(Dataset entries)
+++
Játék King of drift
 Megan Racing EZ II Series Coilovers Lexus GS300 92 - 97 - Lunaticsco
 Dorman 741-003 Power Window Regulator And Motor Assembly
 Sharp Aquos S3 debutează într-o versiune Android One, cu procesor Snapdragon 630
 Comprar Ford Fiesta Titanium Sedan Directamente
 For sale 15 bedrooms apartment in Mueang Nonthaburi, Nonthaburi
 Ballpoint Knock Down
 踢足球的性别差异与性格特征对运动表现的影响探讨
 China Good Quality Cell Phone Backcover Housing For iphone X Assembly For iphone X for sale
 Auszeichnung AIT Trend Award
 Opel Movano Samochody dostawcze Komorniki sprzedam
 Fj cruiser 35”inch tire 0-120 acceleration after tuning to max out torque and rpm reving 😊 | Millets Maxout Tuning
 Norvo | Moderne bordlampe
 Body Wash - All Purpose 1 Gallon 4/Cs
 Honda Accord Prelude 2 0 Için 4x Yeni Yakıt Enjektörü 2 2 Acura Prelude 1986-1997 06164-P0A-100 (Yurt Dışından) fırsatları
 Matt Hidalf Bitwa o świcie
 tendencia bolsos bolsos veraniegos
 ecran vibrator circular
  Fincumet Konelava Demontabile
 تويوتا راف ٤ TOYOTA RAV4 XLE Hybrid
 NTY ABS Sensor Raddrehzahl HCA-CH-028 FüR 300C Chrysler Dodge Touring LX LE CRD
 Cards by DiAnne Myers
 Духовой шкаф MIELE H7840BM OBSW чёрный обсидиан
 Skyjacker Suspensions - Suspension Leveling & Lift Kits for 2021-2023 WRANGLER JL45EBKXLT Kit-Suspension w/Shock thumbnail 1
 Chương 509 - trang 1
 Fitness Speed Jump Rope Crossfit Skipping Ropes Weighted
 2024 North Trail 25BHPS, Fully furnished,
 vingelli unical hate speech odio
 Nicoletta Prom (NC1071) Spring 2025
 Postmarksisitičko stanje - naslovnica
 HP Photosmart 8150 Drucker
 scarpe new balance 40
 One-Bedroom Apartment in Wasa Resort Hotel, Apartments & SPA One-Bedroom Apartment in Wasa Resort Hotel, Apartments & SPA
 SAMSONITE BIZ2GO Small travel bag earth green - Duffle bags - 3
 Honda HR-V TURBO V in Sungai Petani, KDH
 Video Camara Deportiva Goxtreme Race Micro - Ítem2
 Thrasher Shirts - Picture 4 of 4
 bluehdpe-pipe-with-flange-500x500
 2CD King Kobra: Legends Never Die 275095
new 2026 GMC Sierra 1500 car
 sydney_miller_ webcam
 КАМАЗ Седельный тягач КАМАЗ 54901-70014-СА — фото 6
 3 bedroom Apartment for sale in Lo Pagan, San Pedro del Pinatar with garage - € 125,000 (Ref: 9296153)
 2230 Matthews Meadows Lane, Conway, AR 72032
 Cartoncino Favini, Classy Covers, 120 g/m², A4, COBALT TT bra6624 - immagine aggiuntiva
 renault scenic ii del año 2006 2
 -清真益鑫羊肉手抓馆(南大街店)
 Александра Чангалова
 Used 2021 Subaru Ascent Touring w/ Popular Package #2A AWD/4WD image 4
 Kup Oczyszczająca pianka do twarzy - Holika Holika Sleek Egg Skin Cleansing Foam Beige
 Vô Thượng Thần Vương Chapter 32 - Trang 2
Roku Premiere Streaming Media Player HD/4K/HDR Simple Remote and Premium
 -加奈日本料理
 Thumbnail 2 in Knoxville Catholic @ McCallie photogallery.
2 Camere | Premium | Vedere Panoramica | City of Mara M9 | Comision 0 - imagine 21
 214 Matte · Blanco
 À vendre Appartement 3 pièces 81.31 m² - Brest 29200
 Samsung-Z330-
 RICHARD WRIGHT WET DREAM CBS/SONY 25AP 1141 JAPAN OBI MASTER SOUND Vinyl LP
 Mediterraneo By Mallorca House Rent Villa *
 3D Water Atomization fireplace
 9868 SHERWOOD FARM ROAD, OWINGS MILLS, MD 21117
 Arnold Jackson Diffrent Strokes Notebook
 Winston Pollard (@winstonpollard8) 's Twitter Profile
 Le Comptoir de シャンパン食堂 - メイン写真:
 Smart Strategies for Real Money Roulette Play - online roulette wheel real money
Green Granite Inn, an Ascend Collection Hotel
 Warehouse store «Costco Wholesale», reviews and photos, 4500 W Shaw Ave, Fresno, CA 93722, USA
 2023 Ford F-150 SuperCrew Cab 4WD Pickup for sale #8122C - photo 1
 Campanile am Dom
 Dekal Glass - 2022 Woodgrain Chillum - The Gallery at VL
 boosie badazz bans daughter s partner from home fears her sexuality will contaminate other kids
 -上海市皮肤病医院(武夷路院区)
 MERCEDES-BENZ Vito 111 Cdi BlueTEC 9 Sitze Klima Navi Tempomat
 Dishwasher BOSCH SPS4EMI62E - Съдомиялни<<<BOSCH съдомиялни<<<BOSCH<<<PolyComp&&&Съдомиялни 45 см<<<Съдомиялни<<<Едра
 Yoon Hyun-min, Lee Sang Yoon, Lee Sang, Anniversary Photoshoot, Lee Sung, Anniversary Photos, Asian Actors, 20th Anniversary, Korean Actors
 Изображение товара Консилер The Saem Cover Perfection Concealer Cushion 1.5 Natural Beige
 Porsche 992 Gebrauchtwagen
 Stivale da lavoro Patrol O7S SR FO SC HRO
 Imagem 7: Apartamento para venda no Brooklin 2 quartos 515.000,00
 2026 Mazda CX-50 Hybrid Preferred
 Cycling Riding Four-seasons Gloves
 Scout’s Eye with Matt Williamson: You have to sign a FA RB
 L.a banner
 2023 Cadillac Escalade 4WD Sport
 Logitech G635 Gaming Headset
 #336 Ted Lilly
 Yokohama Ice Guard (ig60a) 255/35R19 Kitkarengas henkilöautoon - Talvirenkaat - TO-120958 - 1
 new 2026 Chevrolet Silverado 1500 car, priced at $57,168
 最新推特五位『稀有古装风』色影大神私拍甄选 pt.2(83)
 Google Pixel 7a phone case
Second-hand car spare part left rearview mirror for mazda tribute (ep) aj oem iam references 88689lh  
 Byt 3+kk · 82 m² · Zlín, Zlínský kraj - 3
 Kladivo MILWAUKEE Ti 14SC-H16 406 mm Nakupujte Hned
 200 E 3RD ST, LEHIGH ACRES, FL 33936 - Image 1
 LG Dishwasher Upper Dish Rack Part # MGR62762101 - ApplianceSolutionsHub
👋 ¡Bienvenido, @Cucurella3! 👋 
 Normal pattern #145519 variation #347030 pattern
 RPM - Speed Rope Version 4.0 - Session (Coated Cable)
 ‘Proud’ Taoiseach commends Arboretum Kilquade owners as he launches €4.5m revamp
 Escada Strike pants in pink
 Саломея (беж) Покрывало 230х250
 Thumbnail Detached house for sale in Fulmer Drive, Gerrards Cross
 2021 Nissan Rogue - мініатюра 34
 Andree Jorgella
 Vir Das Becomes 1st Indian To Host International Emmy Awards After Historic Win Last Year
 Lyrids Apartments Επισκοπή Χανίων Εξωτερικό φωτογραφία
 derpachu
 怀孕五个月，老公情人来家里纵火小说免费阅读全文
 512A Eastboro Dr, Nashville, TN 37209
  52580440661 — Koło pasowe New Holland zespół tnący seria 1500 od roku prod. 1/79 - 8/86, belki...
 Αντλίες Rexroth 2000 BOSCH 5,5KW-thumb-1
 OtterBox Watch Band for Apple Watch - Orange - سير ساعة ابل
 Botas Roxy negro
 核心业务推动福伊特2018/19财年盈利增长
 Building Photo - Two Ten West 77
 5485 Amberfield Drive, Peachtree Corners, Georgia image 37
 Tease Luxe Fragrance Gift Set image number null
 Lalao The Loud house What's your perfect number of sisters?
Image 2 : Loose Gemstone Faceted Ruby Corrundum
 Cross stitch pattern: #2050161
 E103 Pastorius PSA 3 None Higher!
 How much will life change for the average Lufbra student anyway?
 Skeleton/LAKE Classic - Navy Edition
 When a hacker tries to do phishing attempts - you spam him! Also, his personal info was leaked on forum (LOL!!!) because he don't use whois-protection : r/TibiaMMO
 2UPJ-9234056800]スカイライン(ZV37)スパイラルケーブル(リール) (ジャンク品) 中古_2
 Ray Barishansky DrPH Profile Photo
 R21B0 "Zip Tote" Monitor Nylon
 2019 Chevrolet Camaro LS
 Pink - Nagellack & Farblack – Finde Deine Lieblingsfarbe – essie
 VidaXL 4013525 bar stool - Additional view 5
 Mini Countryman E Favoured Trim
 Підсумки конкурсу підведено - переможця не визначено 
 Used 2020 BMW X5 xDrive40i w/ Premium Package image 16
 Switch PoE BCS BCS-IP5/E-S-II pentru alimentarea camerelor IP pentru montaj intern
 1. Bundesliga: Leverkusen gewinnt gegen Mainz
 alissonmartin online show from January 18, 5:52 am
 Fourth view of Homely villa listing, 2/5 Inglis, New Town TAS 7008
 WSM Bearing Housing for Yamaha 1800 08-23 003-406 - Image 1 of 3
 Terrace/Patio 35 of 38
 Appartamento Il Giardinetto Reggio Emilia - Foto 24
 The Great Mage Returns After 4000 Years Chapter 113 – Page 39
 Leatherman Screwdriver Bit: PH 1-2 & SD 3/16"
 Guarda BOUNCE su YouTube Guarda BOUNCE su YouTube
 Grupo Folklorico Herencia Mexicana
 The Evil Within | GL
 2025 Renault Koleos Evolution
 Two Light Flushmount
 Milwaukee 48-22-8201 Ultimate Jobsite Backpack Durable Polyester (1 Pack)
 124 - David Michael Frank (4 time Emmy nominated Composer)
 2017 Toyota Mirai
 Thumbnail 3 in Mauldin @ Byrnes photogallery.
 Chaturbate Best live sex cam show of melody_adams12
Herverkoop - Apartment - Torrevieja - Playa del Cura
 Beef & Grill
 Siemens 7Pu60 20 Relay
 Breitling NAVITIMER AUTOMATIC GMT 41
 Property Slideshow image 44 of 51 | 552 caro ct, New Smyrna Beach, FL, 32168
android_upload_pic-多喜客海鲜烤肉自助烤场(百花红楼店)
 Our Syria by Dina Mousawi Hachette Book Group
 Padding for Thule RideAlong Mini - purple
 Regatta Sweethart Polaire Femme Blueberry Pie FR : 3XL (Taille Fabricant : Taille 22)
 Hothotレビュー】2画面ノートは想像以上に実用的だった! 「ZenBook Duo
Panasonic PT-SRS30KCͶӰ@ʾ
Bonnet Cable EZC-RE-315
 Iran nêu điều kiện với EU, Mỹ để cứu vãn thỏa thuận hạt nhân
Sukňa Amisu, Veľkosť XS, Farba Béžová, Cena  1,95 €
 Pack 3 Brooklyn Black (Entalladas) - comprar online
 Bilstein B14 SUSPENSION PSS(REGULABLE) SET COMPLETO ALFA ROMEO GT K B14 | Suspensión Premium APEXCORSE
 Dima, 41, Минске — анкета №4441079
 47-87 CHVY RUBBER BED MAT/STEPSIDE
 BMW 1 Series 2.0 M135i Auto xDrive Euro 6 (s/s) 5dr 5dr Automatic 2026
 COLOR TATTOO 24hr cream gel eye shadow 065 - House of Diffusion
+++
▶ **Assigned task**
Working from the records above, write out verbatim only the lines from the line containing "Image 2 : Loose" through the line containing "Terrace/Patio 35 of 38".

▶ **Solution to this problem**
Image 2 : Loose Gemstone Faceted Ruby Corrundum
 Cross stitch pattern: #2050161
 E103 Pastorius PSA 3 None Higher!
 How much will life change for the average Lufbra student anyway?
 Skeleton/LAKE Classic - Navy Edition
 When a hacker tries to do phishing attempts - you spam him! Also, his personal info was leaked on forum (LOL!!!) because he don't use whois-protection : r/TibiaMMO
 2UPJ-9234056800]スカイライン(ZV37)スパイラルケーブル(リール) (ジャンク品) 中古_2
 Ray Barishansky DrPH Profile Photo
 R21B0 "Zip Tote" Monitor Nylon
 2019 Chevrolet Camaro LS
 Pink - Nagellack & Farblack – Finde Deine Lieblingsfarbe – essie
 VidaXL 4013525 bar stool - Additional view 5
 Mini Countryman E Favoured Trim
 Підсумки конкурсу підведено - переможця не визначено 
 Used 2020 BMW X5 xDrive40i w/ Premium Package image 16
 Switch PoE BCS BCS-IP5/E-S-II pentru alimentarea camerelor IP pentru montaj intern
 1. Bundesliga: Leverkusen gewinnt gegen Mainz
 alissonmartin online show from January 18, 5:52 am
 Fourth view of Homely villa listing, 2/5 Inglis, New Town TAS 7008
 WSM Bearing Housing for Yamaha 1800 08-23 003-406 - Image 1 of 3
 Terrace/Patio 35 of 38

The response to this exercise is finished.